Your goal: Check every line of the records below for the string "Home" and copy the ones that have it.

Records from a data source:
..........

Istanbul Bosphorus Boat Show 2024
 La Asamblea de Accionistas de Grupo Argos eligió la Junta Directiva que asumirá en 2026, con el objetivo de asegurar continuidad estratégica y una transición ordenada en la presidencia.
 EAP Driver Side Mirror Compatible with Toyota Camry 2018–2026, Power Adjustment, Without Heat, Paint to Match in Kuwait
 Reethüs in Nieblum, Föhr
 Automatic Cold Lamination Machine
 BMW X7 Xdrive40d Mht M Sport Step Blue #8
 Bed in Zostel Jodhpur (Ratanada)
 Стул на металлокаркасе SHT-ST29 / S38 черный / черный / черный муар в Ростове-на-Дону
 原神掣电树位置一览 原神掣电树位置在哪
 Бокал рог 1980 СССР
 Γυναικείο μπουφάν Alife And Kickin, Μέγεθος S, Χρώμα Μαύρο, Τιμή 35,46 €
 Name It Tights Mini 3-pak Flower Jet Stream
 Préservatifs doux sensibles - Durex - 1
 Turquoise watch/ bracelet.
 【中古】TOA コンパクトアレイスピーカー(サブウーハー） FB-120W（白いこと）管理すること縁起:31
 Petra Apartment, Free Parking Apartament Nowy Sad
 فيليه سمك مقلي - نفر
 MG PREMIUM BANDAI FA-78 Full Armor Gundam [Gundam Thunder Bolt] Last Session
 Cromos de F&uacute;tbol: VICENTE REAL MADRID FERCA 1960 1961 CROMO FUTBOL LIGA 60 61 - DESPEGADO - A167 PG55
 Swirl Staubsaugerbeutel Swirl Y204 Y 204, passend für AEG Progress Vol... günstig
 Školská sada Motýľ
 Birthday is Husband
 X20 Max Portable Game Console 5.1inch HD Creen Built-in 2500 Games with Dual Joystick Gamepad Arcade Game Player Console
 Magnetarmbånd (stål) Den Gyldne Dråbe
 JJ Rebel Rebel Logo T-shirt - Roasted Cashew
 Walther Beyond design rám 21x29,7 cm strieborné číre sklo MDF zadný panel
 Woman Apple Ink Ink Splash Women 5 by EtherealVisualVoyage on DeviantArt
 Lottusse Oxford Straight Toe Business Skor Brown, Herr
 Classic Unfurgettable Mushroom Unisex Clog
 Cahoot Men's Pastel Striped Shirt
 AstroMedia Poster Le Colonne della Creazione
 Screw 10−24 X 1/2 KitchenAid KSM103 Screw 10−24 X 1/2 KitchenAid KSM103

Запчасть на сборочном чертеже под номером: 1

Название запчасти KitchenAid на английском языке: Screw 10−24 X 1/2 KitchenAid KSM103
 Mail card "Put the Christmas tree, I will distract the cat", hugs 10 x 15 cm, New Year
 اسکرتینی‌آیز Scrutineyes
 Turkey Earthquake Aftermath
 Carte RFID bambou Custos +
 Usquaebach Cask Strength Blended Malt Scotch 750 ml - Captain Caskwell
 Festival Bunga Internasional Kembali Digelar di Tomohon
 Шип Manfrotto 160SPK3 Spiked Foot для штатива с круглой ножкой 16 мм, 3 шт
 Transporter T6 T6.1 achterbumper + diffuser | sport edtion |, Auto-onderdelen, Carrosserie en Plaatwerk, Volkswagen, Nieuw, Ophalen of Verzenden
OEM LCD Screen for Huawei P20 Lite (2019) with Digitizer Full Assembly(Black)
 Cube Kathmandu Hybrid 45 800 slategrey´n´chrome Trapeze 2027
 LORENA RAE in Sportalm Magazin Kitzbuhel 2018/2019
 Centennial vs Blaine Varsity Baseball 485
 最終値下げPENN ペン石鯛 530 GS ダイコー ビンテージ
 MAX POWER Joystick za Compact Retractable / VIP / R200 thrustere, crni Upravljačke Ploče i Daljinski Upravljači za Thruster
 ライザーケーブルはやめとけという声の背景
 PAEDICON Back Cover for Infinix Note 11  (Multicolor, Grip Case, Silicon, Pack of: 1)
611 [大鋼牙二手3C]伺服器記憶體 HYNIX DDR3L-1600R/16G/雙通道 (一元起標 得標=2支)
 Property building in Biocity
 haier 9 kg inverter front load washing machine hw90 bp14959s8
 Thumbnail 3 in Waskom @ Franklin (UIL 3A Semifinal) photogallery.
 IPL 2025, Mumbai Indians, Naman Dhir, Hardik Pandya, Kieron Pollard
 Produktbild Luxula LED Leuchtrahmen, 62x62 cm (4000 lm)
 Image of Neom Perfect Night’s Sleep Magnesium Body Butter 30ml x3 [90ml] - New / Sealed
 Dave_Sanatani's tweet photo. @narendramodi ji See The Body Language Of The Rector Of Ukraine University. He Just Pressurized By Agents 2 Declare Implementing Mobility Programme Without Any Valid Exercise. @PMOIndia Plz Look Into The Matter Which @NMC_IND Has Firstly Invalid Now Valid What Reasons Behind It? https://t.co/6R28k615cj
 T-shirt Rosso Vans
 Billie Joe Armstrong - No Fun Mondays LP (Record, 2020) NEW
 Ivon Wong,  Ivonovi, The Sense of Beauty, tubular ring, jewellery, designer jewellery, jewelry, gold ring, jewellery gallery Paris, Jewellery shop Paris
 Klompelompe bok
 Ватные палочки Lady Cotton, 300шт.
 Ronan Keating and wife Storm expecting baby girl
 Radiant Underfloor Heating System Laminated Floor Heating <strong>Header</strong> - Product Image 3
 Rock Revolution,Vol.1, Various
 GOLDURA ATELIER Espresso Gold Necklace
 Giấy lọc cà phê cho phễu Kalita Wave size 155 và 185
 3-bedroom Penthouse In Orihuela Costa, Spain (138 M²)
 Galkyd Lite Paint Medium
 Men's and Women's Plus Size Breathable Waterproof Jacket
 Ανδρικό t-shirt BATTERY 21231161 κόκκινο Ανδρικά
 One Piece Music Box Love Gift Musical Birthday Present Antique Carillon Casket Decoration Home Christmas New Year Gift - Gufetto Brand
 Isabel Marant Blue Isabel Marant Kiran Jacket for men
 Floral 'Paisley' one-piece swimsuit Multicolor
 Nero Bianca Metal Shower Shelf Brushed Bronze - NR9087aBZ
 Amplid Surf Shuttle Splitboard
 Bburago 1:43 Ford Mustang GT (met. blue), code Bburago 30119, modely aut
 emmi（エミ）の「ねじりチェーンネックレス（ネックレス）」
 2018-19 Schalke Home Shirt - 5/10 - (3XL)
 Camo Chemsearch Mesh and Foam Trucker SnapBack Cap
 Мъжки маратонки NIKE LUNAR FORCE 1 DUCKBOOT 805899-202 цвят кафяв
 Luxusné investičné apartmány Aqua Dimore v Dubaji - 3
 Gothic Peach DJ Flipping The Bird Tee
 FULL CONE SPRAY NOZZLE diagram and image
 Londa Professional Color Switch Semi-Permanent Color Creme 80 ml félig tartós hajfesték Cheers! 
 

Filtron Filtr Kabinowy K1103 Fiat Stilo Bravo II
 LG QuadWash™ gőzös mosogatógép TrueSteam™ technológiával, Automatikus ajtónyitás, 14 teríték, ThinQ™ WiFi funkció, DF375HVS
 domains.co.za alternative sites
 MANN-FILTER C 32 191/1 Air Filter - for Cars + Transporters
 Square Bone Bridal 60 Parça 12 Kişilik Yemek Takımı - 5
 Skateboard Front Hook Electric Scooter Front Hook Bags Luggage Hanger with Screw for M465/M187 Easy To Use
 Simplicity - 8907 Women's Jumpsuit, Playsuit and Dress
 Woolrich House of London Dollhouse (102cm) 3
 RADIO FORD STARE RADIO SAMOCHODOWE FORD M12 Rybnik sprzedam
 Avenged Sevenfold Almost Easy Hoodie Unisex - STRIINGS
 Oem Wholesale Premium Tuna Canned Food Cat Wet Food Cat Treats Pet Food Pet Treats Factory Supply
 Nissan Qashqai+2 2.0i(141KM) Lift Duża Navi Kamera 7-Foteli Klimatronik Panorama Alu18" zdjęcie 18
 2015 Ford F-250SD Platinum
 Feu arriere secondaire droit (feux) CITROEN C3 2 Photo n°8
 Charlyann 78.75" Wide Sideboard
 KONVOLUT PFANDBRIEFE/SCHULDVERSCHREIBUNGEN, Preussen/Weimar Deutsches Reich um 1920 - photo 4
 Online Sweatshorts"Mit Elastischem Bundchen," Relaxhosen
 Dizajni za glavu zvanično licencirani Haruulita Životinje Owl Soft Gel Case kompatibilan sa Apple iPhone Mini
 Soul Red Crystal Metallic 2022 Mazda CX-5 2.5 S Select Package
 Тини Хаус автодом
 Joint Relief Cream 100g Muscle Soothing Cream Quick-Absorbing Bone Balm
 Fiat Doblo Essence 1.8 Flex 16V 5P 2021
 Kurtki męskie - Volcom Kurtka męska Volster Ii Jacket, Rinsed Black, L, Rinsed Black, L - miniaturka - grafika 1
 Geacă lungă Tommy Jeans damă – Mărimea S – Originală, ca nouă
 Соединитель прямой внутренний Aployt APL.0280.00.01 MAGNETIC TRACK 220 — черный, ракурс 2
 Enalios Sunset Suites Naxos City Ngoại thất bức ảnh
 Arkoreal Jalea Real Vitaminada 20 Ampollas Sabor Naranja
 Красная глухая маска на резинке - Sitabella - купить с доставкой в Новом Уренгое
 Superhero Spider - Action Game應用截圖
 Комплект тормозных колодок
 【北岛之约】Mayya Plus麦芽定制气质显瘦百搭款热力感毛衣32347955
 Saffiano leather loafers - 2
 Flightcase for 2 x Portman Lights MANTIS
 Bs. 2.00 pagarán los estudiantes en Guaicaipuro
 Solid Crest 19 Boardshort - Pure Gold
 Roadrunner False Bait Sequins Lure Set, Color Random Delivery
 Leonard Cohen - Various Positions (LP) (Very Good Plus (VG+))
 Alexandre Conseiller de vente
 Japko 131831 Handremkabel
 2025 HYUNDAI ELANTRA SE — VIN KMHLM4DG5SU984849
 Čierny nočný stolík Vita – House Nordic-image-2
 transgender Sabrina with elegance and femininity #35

..........

Exercise output:
 One Piece Music Box Love Gift Musical Birthday Present Antique Carillon Casket Decoration Home Christmas New Year Gift - Gufetto Brand
 2018-19 Schalke Home Shirt - 5/10 - (3XL)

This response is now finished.